Die Debatte im Parlament hatte sich zuvor großteils emotional gestaltet. Die Bewertungen des Freihandelsabkommens bewegten sich zwischen Befürwortern, die in Ceta einen "Leuchtturm" sahen, und Gegnern, die einen "stillschweigenden Staatsstreich" befürchten.

Malmström: "Protektionismus ist keine Antwort"

EU-Handelskommissarin Cecilia Malmström betonte, es gebe zahlreiche Verbesserungen durch das Abkommen. So würden ab Tag eins "fast alle Zölle abgebaut". Das sei vor allem für Klein- und Mittelbetriebe wichtig. Bedenken über weniger Sicherheit für Nahrungsmittel wies sie zurück. Auch könnten Regierungen öffentliche Dienstleistungen weiter erbringen oder auch zurück erlangen, und die Privatisierung von Wasser könne auch "ermöglicht oder vermieden werden". Malmström warf den Kritikern vor, dass diese auch die Fundamente der EU infrage stellten. Protektionismus, das Aufbauen von Hindernissen und Mauern sei keine Antwort, sehr wohl aber gute und faire Handelsabkommen.

Der lettische Abgeordnete Artis Pabriks, einer der Berichterstatter des Parlaments zu Ceta, hatte den Handelsvertrag zuvor mit glühenden Worten verteidigt. Damit würden "goldene Standards" für künftige Verträge gesetzt. Ceta sei der "Lakmustest für die Politik der EU. Wir stehen am Scheideweg." Statt Protektionismus zu betreiben, solle die EU die Führung übernehmen. Handelsabkommen seien kein Allheilmittel und keine Medizin gegen alle Krankheiten. Ceta sei umfassend, werde aber nicht alle Probleme lösen. Trotzdem sei das Vertragswerk ein "Leuchtturm, der nicht erlöschen darf".
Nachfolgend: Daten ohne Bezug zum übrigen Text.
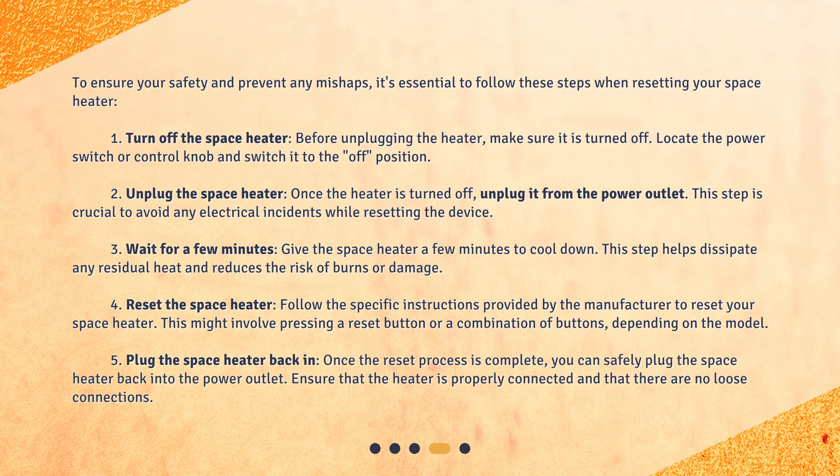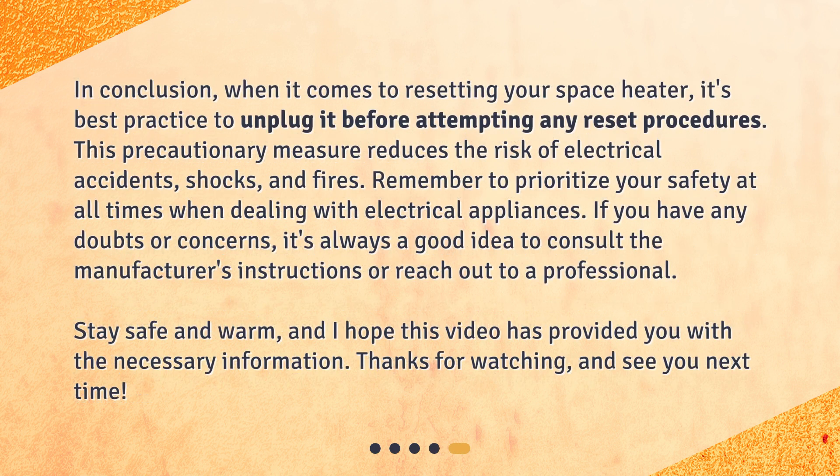Step 5: Plug the space heater back in. Once the reset process is complete, you can safely plug the space heater back into the power outlet. Ensure that the heater is properly connected and that there are no loose connections. In conclusion, when it comes to resetting your space heater, it's best practice to unplug it before attempting any reset procedures. This precautionary measure reduces the risk of electrical accidents, shocks, and fires. Remember to prioritize your safety at all times when dealing with electrical appliances. If you have any doubts or concerns, it's always a good idea to consult the manufacturer's instructions or reach out to a professional. Stay safe and warm, and I hope this video has provided you with the necessary information. Thanks for watching, and see you next time.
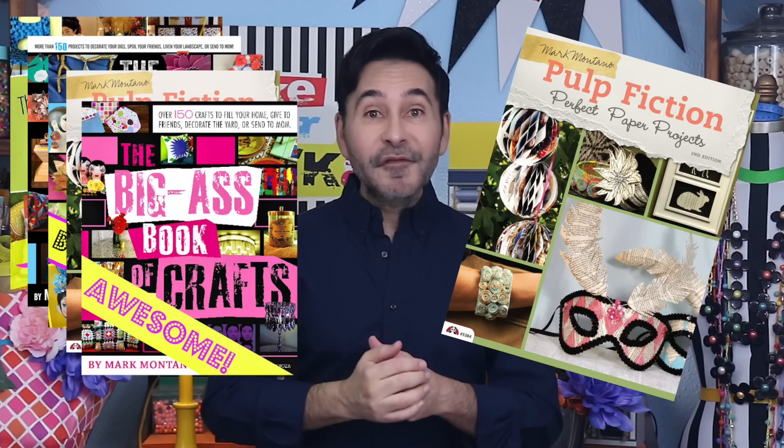Grab any one of my craft books for inspiration. I think you'll like Pulp Fiction, Perfect Paper Projects. I'll see you soon. Bye!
Parlamentspräsident Antonio Tajani versuchte angesichts der teils hitzigen Diskussion beruhigend einzuwirken. "Ich weiß, wir haben heute eine besonders heikle Aussprache." Der EVP-Vorsitzende Manfred Weber sprach von einer Diskussion zwischen Angstmachern und Faktentreuen. Der Chefin des rechtsextremen Front National, Marine Le Pen, warf er vor, für Frankreich eine "komplette Abschottung" herbeizuführen und den Bauern und Arbeitnehmern Angst zu machen.

"Sind nicht in einer Kaserne"

Den Sozialdemokraten warf Weber Orientierungslosigkeit vor – "die Hälfte von ihnen ist für und die andere gegen Ceta. Die Sozialdemokraten sind tief gespalten." Und die Grünen müssten sich ganz kritisch fragen, ob sie sich in guter Gesellschaft mit Le Pen und den Kommunisten befänden, die Stimmung gegen Ceta machen. Im Gegensatz zu US-Präsident Donald Trump, der Mauern aufbauen wolle, werde die EU "Brücken bauen".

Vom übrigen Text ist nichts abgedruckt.